Historically, Ugandan-Zairian relations have been complicated by border problems. Border incidents caused by Zairian rebel groups operating from bases in Uganda have increased the strain between the two countries. Long-standing border tensions appeared to diminish in early 1988, largely because of diplomaticefforts by both nations. In April 1988, Ugandan and Zairian security officials sought met in Goma, Zaire, to resolve problems caused by the Congolese Liberation Party (Parti de Libération Congolaise -- PLC). PLC rebels, opponents of Zairian President Mobutu Sese Seko, were active in the Ruwenzori Mountains, which stretch from southwestern Uganda into eastern Zaire. Ugandans in the area accused PLC members of stealing vehicles for resale in Zaire. The talks produced an agreement to retrieve stolen property peacefully, when possible, and to deal with PLC rebels through official means.

In June 1988, Ugandan-Zairian relations again deteriorated when PLC forces mounted a series of attacks in northeastern Zaire. The PLC claimed to have killed 120 Zairian Armed Forces (Forces Armées Zaïroises -- FAZ) troops and wounded many others. When the FAZ launched a counteroffensive, a PLC commander mistakenly led his forces into Ugandan territory. Ugandan troops arrested nineteen members of the PLC at Kasese, incarcerated them at the local military barracks, and registered a complaint that Zaire was failing to control its own political dissidents.

Tensions escalated in November 1988, when FAZ troops raided territory in northwestern Uganda, setting fire to several dozen houses and destroying property. Museveni's protest prompted Zaire to close the border between the two countries. Another confrontation followed when Zairian soldiers again razed several homes in western Uganda, this time in pursuit of fleeing rebels. A third border incident occurred in December 1988, when a FAZ platoon raided military outposts in northwestern Uganda, killing three Ugandan soldiers.

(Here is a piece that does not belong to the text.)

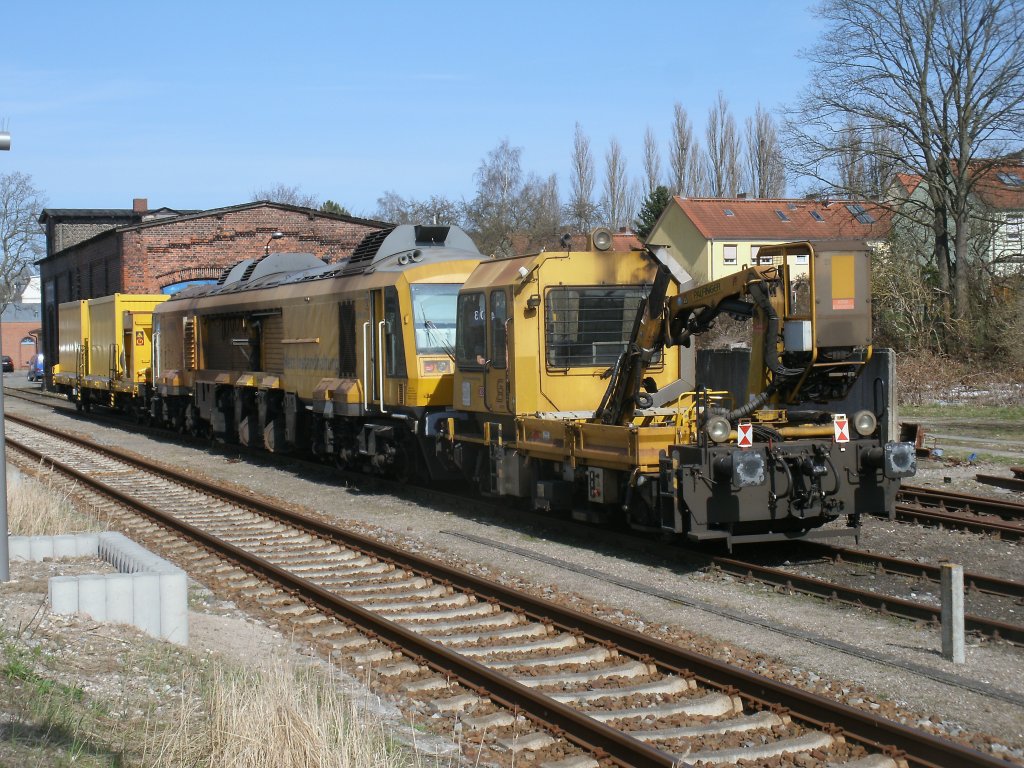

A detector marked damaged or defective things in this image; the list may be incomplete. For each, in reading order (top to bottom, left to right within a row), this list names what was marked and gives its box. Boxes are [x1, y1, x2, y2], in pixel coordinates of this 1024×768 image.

rusty railway track [0, 414, 1012, 768]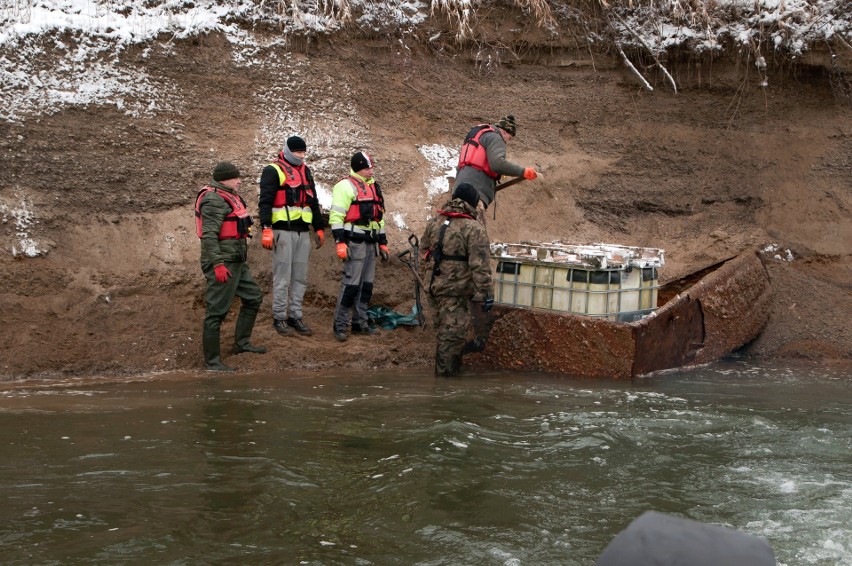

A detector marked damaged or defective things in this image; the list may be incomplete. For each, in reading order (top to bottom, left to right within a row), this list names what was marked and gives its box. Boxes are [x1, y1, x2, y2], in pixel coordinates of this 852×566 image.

Relations between the two countries were further strained when former Ugandan president Idi Amin Dada appeared in Zaire in January 1989. Holding a false Zairian passport, Amin arrived in Kinshasa on an Air Zaire flight from Libreville, Gabon. He apparently intended to return to Uganda with an estimated 500 armed supporters who were to meet him in northeastern Zaire. Museveni requested the former president's extradition, intending to try Amin for atrocities committed during his eight-year reign. Kinshasa rejected this request because there was no extraditiontreaty between Uganda and Zaire. Instead, the Mobutu regime detained Amin in Kinshasa and expelled him from the country nine days later. Thereafter, relations between Uganda and Zaire were cool, leading to the mutual expulsion of ambassadors; on September 8, 1989, the two countries restored full diplomatic ties.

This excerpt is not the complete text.